(Beginning of Dataset content)

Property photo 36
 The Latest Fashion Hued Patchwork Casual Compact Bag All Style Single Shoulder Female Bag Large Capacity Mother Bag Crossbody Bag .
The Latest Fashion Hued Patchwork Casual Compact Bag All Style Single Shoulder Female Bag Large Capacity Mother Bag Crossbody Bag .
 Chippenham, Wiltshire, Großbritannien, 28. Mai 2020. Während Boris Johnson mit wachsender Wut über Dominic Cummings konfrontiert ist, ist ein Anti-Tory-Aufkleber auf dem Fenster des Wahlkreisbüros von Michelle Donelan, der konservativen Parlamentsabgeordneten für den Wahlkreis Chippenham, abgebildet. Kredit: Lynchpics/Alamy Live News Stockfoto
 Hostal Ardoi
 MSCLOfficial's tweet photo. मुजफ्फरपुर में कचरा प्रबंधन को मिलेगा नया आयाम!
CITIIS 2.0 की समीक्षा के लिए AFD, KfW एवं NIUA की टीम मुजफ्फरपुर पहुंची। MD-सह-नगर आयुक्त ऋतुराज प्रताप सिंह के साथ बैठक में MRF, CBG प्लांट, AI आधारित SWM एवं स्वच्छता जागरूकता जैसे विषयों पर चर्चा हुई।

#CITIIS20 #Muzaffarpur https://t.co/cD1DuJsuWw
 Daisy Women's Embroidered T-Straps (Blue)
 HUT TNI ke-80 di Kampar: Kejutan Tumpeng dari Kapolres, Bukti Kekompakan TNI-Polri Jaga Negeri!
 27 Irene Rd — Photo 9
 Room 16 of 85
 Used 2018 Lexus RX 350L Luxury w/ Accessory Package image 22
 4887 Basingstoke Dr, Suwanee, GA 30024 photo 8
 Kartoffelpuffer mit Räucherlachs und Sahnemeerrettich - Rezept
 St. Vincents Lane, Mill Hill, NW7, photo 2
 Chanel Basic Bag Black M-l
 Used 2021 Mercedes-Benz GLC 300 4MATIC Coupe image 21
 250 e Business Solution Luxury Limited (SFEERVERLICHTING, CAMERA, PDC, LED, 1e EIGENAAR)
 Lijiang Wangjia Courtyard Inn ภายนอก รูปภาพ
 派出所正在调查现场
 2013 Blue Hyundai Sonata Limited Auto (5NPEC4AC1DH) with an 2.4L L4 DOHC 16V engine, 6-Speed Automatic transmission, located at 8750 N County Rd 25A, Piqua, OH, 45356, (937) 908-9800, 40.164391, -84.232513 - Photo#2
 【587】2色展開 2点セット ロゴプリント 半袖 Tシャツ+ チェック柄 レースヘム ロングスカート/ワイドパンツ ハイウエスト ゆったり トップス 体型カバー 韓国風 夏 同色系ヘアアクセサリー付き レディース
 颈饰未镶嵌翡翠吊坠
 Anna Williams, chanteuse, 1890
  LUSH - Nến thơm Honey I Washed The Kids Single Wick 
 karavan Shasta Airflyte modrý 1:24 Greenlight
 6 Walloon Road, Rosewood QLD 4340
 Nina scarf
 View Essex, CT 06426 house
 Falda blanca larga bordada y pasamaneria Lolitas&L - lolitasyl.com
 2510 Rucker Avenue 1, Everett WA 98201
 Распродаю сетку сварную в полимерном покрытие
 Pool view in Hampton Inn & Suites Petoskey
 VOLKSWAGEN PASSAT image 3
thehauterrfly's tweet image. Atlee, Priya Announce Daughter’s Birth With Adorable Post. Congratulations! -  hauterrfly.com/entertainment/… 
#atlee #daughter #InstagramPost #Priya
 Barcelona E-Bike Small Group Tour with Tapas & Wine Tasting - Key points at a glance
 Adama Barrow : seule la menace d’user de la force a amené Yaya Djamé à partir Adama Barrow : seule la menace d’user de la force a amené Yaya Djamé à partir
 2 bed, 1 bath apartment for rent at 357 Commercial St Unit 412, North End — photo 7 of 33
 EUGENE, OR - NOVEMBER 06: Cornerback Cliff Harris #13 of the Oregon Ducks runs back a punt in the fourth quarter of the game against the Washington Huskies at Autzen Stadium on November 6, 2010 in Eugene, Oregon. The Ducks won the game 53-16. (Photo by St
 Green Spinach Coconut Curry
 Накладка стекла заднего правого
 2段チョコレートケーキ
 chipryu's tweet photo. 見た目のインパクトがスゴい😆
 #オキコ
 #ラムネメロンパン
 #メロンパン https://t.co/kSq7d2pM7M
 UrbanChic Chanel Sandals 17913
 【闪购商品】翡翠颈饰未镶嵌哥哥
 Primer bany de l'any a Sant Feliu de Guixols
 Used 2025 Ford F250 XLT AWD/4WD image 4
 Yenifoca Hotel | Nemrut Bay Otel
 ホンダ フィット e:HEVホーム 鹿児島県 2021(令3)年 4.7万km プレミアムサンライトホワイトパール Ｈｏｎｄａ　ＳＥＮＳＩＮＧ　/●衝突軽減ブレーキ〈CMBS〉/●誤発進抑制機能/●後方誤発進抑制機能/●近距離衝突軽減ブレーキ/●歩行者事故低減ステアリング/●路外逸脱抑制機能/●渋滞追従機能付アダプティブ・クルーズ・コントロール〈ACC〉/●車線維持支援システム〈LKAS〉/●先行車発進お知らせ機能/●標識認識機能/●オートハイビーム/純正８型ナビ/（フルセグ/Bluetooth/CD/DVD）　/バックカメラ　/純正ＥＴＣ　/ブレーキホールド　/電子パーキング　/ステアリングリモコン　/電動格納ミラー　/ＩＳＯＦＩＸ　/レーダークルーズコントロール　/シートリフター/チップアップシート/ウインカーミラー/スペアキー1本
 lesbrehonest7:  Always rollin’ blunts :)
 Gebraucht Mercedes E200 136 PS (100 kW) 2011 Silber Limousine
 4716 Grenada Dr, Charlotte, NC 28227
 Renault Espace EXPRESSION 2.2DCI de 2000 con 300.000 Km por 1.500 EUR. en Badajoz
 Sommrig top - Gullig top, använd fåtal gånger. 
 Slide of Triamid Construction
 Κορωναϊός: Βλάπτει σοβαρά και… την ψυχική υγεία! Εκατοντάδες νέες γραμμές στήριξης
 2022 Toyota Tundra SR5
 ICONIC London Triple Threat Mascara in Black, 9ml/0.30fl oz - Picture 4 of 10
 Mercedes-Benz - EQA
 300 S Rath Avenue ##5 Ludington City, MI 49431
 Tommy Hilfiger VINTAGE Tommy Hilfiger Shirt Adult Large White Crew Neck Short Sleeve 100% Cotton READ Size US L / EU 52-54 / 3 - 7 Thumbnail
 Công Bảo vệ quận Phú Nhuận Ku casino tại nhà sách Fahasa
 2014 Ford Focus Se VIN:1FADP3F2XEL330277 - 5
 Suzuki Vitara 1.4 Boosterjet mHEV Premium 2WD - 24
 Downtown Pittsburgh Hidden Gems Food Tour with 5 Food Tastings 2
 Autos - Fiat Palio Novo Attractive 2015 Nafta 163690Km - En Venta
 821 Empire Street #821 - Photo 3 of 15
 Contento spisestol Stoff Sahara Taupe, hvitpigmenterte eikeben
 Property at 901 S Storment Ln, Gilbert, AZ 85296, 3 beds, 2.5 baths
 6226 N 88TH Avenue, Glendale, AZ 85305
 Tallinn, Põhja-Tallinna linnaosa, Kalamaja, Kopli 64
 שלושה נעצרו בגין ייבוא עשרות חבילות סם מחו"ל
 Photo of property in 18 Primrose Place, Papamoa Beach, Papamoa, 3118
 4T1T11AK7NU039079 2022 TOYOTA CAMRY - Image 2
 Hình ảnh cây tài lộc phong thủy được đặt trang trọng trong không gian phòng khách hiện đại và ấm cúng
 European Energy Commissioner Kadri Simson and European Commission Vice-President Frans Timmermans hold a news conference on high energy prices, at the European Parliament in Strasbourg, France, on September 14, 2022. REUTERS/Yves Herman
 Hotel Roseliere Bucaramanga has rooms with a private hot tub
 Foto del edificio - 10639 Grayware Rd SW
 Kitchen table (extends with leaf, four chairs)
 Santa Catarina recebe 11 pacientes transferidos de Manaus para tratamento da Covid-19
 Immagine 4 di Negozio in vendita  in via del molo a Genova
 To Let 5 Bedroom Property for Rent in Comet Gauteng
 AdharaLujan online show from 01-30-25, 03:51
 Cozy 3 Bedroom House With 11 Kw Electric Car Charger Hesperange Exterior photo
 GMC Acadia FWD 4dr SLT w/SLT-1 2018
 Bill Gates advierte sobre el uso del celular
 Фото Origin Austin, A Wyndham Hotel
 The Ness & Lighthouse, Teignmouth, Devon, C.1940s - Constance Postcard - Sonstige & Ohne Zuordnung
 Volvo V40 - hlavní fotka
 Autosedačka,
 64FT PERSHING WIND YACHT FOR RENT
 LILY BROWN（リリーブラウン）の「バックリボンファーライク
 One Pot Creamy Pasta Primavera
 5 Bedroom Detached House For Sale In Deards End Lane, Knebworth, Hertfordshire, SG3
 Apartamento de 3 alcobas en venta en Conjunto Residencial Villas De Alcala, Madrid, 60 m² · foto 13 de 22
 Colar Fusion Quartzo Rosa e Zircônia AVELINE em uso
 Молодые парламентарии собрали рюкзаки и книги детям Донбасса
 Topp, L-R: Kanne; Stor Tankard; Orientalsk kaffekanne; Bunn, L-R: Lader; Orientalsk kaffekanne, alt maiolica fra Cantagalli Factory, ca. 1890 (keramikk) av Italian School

(End of Dataset content)

__Exercise aim__
State only the number of lines above that contain the word "Black".

__Completed exercise__
2